2.2 The transformation on every row data
This kind of transformation covers these aspects,
- Check if the data are legal, if not legal and need to modify or delete this row data
- The transformation based on the mapping
(1)In raw table one column uses integer to store specific information (like 1 means male, and 2 means female) , and to make the analysis more convenient, we can do the transformation from integer to string based on the specific mapping.
(2)The transformation between integer and integer, such as the exchange for money.
2.3 The way to make sure whether the process is correct
My experience is as follows,
(1) Do the unit test when developing, and see if test output satisfies what we want
(2) In DQC(Data quality check), check whether the table shows the content what we hope (such as the new column or the transformation in DWD layer)
(3) Do the count(*) in both raw table and DWD table in the same specific condition, and observe whether the num is equal. If not equal, it means the transformation is inconsistent and needs to be checked where the root cause is.
3. Summary the data(DWS)
Compared with the detailed data, in many times our analysts are more interested in the summary data, such as the total players in one day for a game, or the rate between male players and female players. So in this situation we can use the Data Warehouse Layer(DWS). This layer is to summary the data in the DWD table.

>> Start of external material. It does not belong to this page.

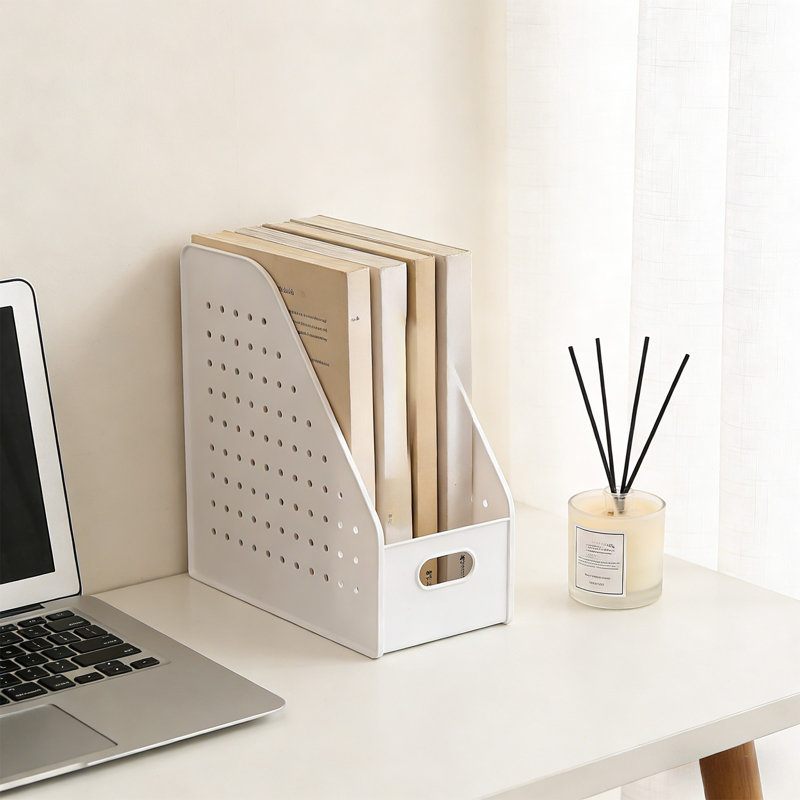 Panier de rangement de bureau, organisateur de fournitures de bureau et de livres pour chambre d'étudiant et bureau, panier à compartiments multiples pour documents et fournitures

The common operations in DWS table include the aggregation operation like sum, count, avg in SQL, and the join operation between different tables in data mart or the whole data warehouse.
The above is some of my understanding and summary about data and the process that data enter data warehouse. Data warehouse can solve the bottleneck for database when the data keep growing, and make the query and analysis more convenient, which can improve the whole efficiency on a company.